The following describes specific steps of an automatic processing method for parts by means of specific examples.

Example 1:

aiming at the problem that the traditional automatic processing based on the characteristics can not meet the demands of users, the embodiment provides the concept of processing a sheet area, namely a certain sheet has the cross combination area of various characteristics with certain technological significance; the parts often comprise a large number of complex feature combination areas, namely various processing areas, such as various features are combined together in a crossed manner, or certain areas with certain technological significance are formed by simple arrangement, so that an automatic processing system is provided for the processing areas, and the whole recognition and technological multiplexing of the template of any complex processing area and any complex processing area are realized by extracting the whole part information and technological information of the processing areas and multiplexing the whole part information and the technological information in other similar areas of any part; the automatic processing system is composed of a rapid processing area input system and a rapid processing area process multiplexing system, as shown in fig. 5, the specific steps of using the automatic processing system to automatically process the parts include:

The first processing area is an area with specific processing technology characteristics and consists of a group of surfaces, edges, attributes and a plurality of processing methods which are arranged in sequence, and the processing area can be an area formed by freely combining, crossing, connecting and separating a plurality of traditional characteristics.

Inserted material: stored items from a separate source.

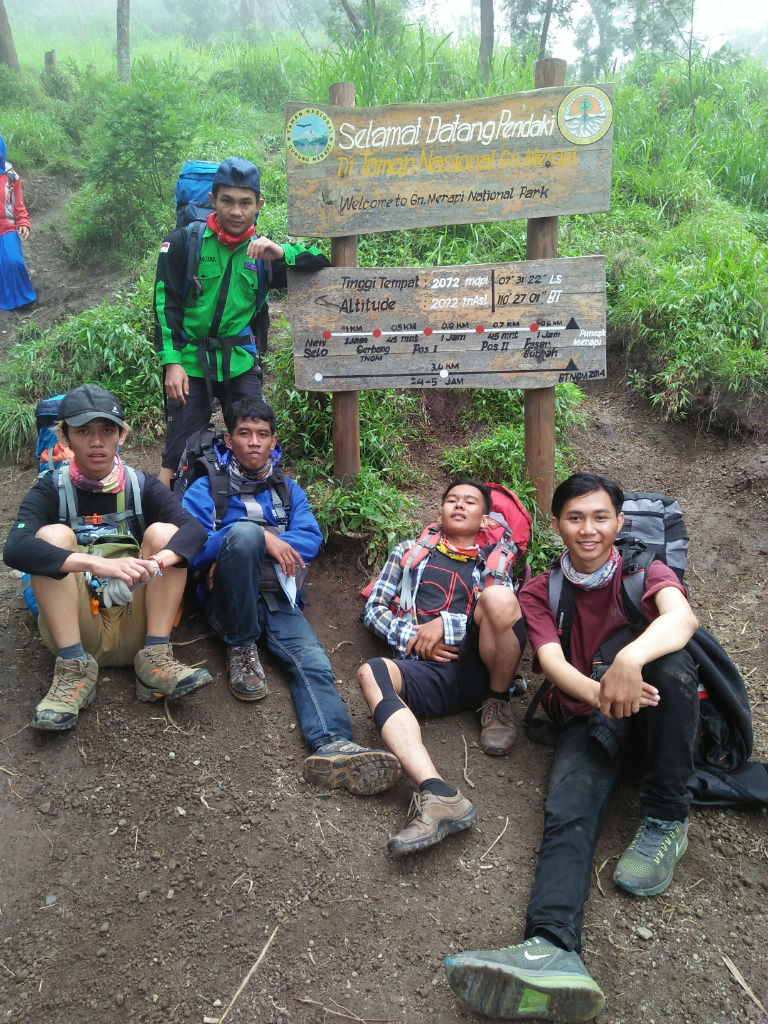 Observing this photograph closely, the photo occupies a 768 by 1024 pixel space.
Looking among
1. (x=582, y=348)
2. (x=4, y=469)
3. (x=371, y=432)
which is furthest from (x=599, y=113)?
(x=4, y=469)

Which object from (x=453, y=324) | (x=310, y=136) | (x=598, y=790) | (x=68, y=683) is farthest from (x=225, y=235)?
(x=598, y=790)

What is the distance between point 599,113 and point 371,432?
7.92 ft

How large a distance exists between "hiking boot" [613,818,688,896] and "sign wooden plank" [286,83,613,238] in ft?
10.7

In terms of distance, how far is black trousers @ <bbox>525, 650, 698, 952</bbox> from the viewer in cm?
254

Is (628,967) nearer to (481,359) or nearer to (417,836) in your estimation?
(417,836)

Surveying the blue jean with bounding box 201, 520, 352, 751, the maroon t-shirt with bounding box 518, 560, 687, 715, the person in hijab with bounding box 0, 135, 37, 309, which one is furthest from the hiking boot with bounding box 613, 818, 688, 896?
the person in hijab with bounding box 0, 135, 37, 309

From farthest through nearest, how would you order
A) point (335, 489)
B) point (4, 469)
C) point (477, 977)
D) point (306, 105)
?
point (4, 469) → point (335, 489) → point (306, 105) → point (477, 977)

Step two, as shown in fig. 6, starting a processing sheet area rapid entry system, extracting all information of a part selection area through the processing sheet area rapid entry system, and patterning: acquiring the data of the interested area selected by the user, namely the part selecting area, through a user selecting interface, and inputting the custom name of the processing area; and extracting all the information such as geometry, topology, attributes, processing methods and the like from the data of the selected area of the part, converting the information into neutral diagram data information (namely diagram data structure) and process information, and storing the neutral diagram data information (namely diagram data structure) and the process information into a knowledge base of the processed area, so that the new characteristic entering process is completed.

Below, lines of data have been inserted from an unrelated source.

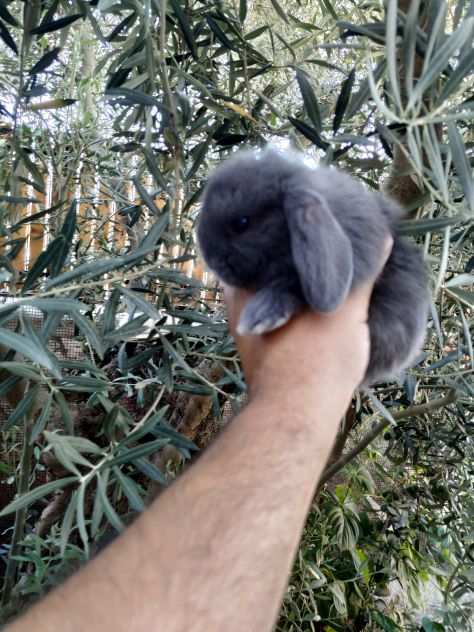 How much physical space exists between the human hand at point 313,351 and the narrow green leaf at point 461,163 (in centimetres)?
19

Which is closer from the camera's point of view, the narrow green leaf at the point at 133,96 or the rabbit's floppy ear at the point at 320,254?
the rabbit's floppy ear at the point at 320,254

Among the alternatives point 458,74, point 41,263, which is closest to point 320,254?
point 458,74

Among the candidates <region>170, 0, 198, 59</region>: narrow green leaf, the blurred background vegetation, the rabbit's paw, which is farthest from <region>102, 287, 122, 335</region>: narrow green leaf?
<region>170, 0, 198, 59</region>: narrow green leaf

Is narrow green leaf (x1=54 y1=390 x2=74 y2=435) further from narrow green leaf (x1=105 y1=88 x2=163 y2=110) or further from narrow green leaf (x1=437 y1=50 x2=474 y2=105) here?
narrow green leaf (x1=437 y1=50 x2=474 y2=105)

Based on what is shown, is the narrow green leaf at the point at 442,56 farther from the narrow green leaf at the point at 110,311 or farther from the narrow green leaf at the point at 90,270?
the narrow green leaf at the point at 110,311

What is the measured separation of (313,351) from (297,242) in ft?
0.62

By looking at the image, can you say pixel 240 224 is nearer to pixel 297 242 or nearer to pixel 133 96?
pixel 297 242

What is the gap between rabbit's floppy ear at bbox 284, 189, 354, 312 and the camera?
891mm

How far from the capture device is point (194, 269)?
7.96ft

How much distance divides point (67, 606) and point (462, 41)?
966mm

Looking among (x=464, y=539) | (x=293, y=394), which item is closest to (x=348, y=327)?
(x=293, y=394)

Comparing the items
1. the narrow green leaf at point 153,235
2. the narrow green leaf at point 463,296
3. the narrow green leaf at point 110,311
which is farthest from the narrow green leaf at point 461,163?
the narrow green leaf at point 110,311

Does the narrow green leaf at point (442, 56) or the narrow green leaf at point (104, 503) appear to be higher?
the narrow green leaf at point (442, 56)

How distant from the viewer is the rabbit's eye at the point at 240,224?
3.64 ft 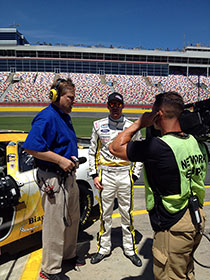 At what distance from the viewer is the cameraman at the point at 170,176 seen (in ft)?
5.43

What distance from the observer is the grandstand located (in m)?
46.7

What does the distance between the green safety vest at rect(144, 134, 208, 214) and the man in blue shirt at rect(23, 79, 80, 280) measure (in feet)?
3.13

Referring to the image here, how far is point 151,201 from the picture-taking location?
1833mm

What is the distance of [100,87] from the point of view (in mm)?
47312

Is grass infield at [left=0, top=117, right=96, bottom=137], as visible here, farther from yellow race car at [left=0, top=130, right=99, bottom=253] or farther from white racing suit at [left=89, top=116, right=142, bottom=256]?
white racing suit at [left=89, top=116, right=142, bottom=256]

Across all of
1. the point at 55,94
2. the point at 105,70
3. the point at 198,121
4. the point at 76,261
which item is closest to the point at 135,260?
the point at 76,261

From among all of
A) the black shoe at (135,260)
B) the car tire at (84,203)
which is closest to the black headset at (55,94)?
the car tire at (84,203)

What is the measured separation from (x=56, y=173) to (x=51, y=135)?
1.23 ft

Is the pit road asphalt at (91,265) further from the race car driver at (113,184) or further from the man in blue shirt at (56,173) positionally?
the man in blue shirt at (56,173)

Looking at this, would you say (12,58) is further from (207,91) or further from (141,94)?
(207,91)

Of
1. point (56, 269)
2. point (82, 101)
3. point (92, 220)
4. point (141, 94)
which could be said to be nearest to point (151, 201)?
point (56, 269)

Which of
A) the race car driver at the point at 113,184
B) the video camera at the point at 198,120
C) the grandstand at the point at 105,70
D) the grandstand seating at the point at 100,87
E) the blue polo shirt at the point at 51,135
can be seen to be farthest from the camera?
the grandstand at the point at 105,70

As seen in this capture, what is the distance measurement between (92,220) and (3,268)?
4.87 feet

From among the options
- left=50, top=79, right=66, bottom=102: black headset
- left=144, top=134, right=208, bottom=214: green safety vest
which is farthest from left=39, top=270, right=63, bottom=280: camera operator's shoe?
left=50, top=79, right=66, bottom=102: black headset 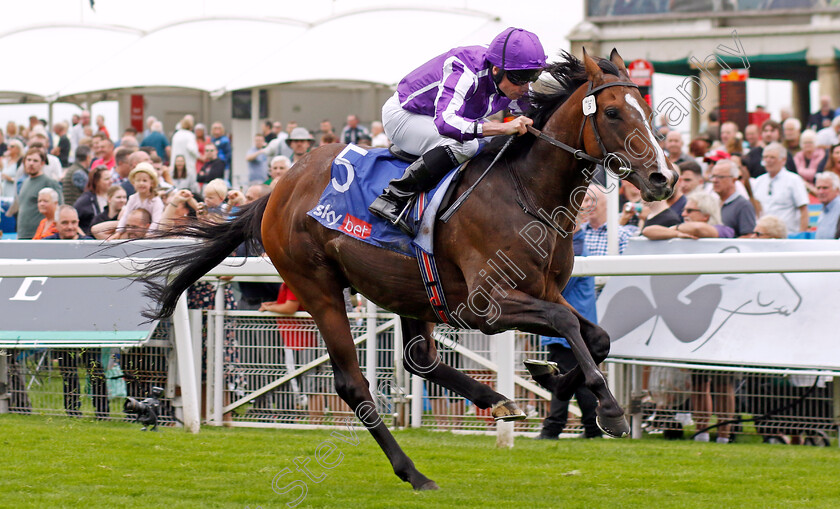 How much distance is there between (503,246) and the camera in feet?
15.8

The neutral diagram data information corresponds to processing area data in the part model selected by a user, each node in the diagram data structure corresponds to each face and side geometrical entity in the part model, and the sides in the diagram correspond to connection relations among the geometrical entities. The geometrical information, PMI information and the like of each face and each side are used as attributes of the node, such as the face type, the maximum curvature, the minimum curvature and the like corresponding to the face node, and the side node corresponds to the side type, the length, the parameter equation, the parameter range and the like; and finally, taking the process information such as the whole process, the processing sequence, the processing scheme and the like of the processing sheet area as the additional information of the drawing, wherein the process information comprises the information such as drilling, spindle rotation speed 5000 and the like for subsequent process migration.

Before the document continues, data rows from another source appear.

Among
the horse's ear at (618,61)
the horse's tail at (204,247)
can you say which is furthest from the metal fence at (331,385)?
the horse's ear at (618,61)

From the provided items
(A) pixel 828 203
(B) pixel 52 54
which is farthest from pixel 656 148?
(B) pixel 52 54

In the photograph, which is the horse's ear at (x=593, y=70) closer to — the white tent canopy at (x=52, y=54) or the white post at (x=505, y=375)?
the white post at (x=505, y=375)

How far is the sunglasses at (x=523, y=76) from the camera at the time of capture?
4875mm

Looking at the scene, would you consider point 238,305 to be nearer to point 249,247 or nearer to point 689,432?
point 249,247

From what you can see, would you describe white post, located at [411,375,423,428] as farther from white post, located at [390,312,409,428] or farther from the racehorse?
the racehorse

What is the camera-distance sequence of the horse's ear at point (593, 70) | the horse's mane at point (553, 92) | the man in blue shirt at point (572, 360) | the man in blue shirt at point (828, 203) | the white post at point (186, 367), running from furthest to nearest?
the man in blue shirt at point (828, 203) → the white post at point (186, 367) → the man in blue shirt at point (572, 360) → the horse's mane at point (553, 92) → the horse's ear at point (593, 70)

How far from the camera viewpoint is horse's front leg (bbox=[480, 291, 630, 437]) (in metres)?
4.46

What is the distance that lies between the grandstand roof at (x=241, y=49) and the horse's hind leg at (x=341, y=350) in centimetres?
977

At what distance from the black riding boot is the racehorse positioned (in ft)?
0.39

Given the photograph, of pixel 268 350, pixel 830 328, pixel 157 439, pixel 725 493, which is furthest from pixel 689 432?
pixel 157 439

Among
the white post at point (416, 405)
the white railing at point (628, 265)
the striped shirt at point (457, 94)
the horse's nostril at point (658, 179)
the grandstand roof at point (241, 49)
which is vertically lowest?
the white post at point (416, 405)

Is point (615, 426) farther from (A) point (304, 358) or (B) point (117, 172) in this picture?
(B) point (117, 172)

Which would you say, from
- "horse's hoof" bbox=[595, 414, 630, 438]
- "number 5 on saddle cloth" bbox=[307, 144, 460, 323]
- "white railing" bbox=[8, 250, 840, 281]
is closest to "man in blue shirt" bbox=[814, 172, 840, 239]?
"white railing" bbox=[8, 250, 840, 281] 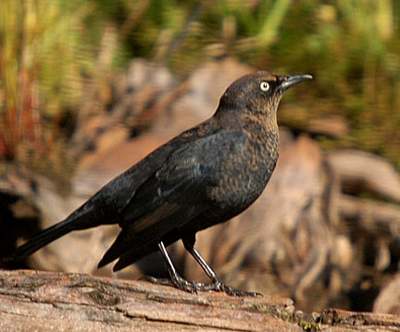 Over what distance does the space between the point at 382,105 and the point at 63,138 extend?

Step three, as shown in fig. 7, starting a 'processing sheet area process rapid multiplexing system', and calculating optimal graph matching through the processing sheet area process rapid multiplexing system: graphically displaying an input processing region type list, selecting a required processing region type by a user, and clicking for determination; and then calculating an optimal graph matching result on the part to be processed, wherein the part to be processed is a large attribute adjacent graph, and the optimal graph matching result of the processing sheet area template on the part to be processed is calculated by adopting an optimal graph matching algorithm, and the core of the optimal graph matching algorithm is to solve the following secondary assignment problem of the maintaining edges, wherein the calculation formula is as follows:

the optimal diagram matching algorithm firstly generates a target diagram V corresponding to the part to be processed _t The template diagram of the processing area is calculated and obtained by the above steps (namely, a source diagram V _S ) Is a pre-match result of { S ₁ ,S ₂ ,...,S _N The matching result of N processing region templates found on Vt, S _i Representing the corresponding relation between the original image and the node in the target image in the ith matching result; and (3) after the pre-matching result is obtained, optimizing through the formula (1) to ensure that the node corresponding relation is optimal, obtaining the optimal node corresponding relation of each matching result, and further determining an optimal graph data structure according to the optimal node corresponding relation.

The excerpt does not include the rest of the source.